On Friday, we broke a long-standing resolution to forego the populist pleasures of Xarabank.

Not to put too fine a point on it, whenever I've watched even a few minutes of it (not that on Friday we watched much more than that) I've been struck by the tedious ineptitude of its presenter, the shallowness and crass vulgarity of many (not all) of the participants and the singular unattractiveness of the audience, there obviously for the freebies and the second-hand frisson of being on telly.

Oh, and for being able to shout and bray and cackle and generally drag things down to the lowest common denominator, something television in the Xarabank genre does so well. They deserve Gieh ir-Repubblika for their contribution to the national IQ.

We were persuaded on Friday to switch to TVM because the discussion was - we thought - about culture. This was because Prof. Vicki Ann Cremona was on the panel and she is a thoughtful lady whose views on the way our country is approaching cultural wasteland status deserve listening to and supporting.

We shouldn't have bothered. On the evidence, the tumbleweed is blowing through the landscape already.

Cremona was up against that Jason Micallef character, who chairs the V-18 Foundation and whose ideas about culture, well, let's be charitable and say that they don't seem to extend beyond cheap and tawdry boxed-up souvenirs for people who visit Valletta and the ex-Man Utd's manager's biography.

In any case, I'm not entirely sure why Prof Cremona was there: the discussion soon plummeted to the depths of discussing, live on air, why Ms Mary Spiteri was left out of the production of that nonpareil musical masterpiece Gensna, which by being put on reminds us that under Labour, Malta is regressing to the Eighties at the speed of light.

Let's not have any guff, incidentally, about this show being something of artistic or auditory merit, please: the clips shown were enough to confirm that it should be consigned, and confined, to the MLP scrap-book and left there to gather dust.

The debate reminded me of a couple of ladies of the night (the ones that used to work in the street that Jason Micallef wants to turn into Paceville) squabbling over the affections of a drunken sailor and his wallet.

I suppose that the timing of the production, just before the anniversary of the date the British left the country because their lease ran out and they didn't want to renew it, was serendipitous for that reason. Students of the extent to which Labour has lived up to its meritocracy promises could use it as a microcosmic object lesson, too.

Equally apt was scheduling Brian May and his duet-session with a starlet from the musicals to just after March 31st, schmaltz to evoke ersatz.

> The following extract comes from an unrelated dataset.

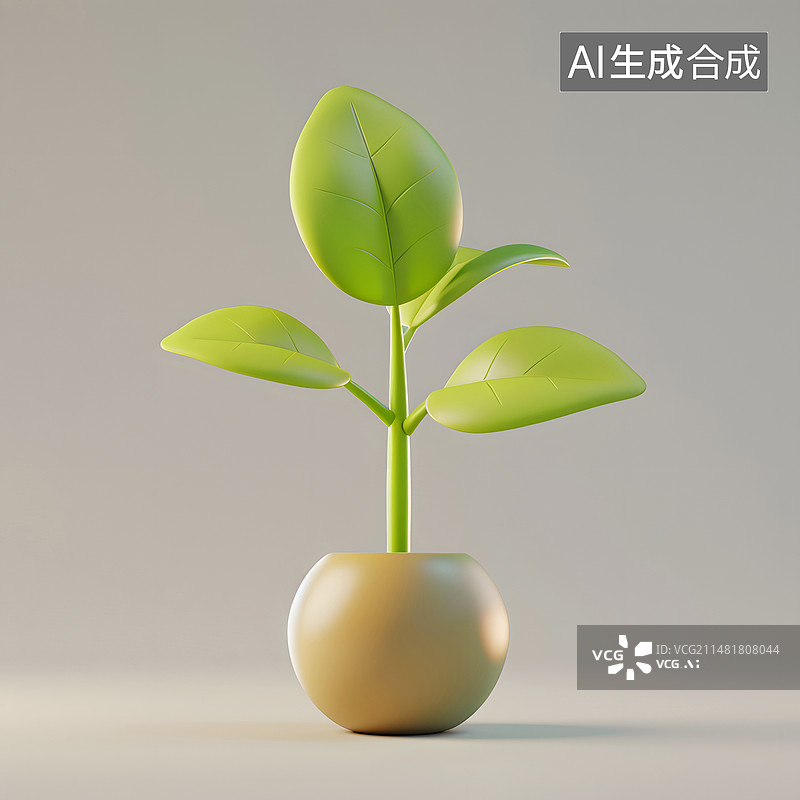 【AI数字艺术】3D绿叶盆栽图片素材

A once-was rock star, a second-line co-star, playing some old favourites by candle-light (which is what his website seems to be promising) and billed as a headline event, will no doubt attract and invigorate the Great and the Good, duly booted and suited, all fired up after having commemorated the end of the lease agreement the weekend before, but it won't be rock, Jim, at least not as we know it.

It can only be hoped that, along with public interest, the money won't have run out by the time the fiftieth anniversary of Independence, the only day actually worth celebrating, rolls around to being commemorated. Probably not (the money, I mean) because there will still be Republic Day for Labour to preen to, so someone will have to make sure there's some funds left.

Maybe Mary Spiteri will be able to croon "Little Child" from the Palace Roof, not quite on the twenty-second anniversary of her Eurovision participation, as part of the commemoration of the tenth anniversary of joining the EU, the fiftieth anniversary of Independence, the fortieth anniversary of the change from monarchy to presidency and the one about the lease running out, thirty five years ago next weekend.